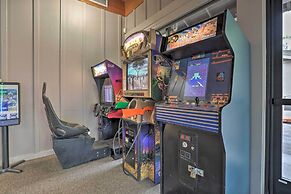 Klamath Falls Home w/ Resort Amenities!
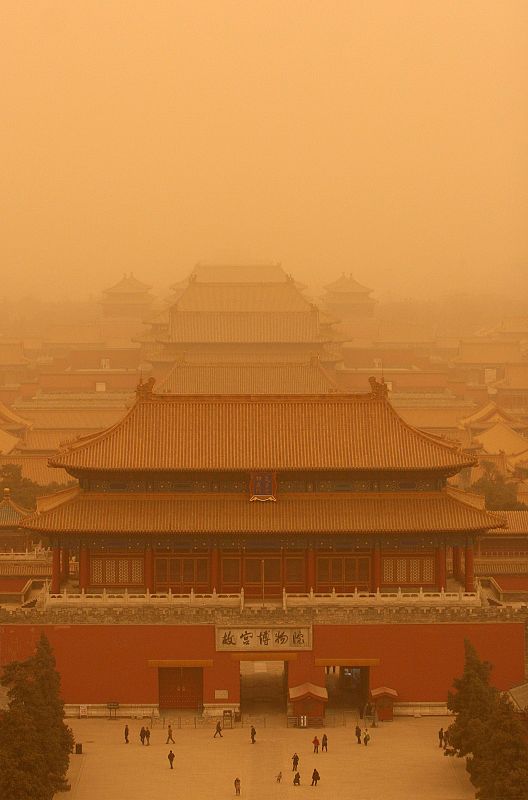 PEKÍN AMANECE AMARILLO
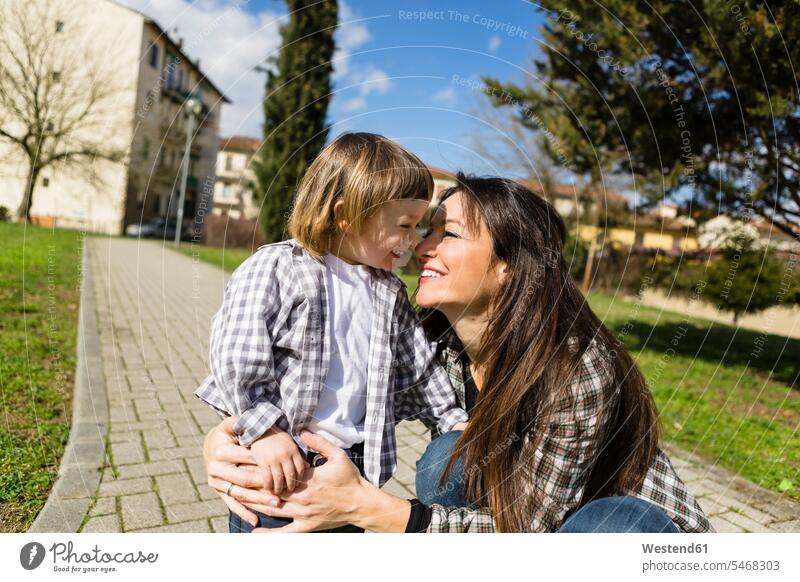 Mutter kuscheln glücklich Kleinkind Sohn auf einem Weg schmusen knuddeln Glück glücklich sein glücklichsein Wege Pfad Mami Mutti Mütter Mama Söhne Eltern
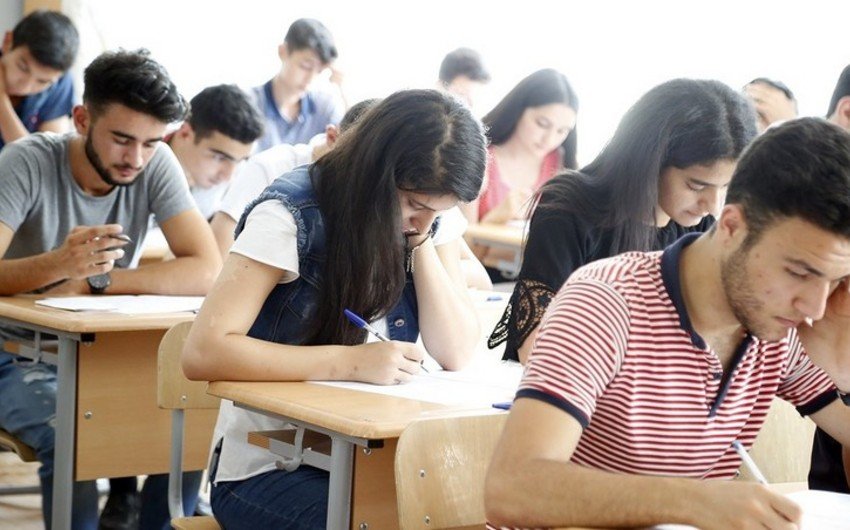 Aşağı nəticə göstərən tələbələrə yüksək bal verilib? – Nazirlikdən ittihamlara CAVAB 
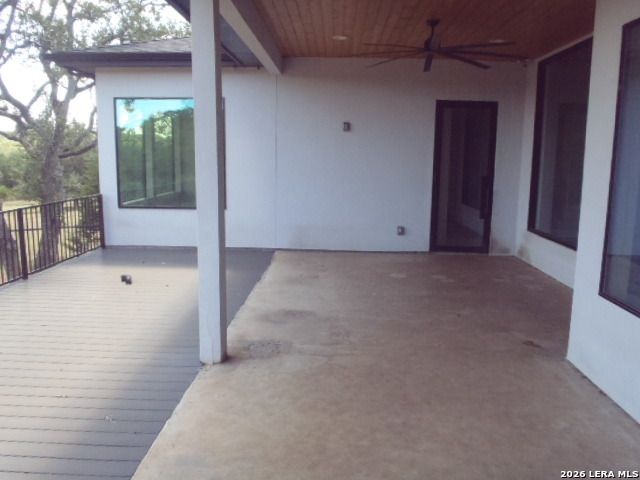 650 SHADY HOLW, New Braunfels, TX 78132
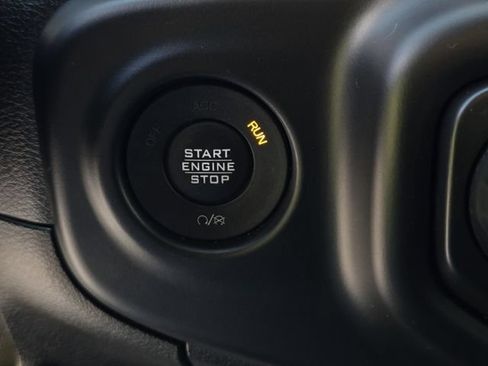 Used 2020 Jeep Gladiator Rubicon AWD/4WD image 28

--- Aim of the task ---
Return only what lies between the line containing "Mutter kuscheln glücklich" and the last line of the listing, those two lines included, exactly as written and with no pictures.

--- Answer section ---
 Mutter kuscheln glücklich Kleinkind Sohn auf einem Weg schmusen knuddeln Glück glücklich sein glücklichsein Wege Pfad Mami Mutti Mütter Mama Söhne Eltern
 Aşağı nəticə göstərən tələbələrə yüksək bal verilib? – Nazirlikdən ittihamlara CAVAB 
 650 SHADY HOLW, New Braunfels, TX 78132
 Used 2020 Jeep Gladiator Rubicon AWD/4WD image 28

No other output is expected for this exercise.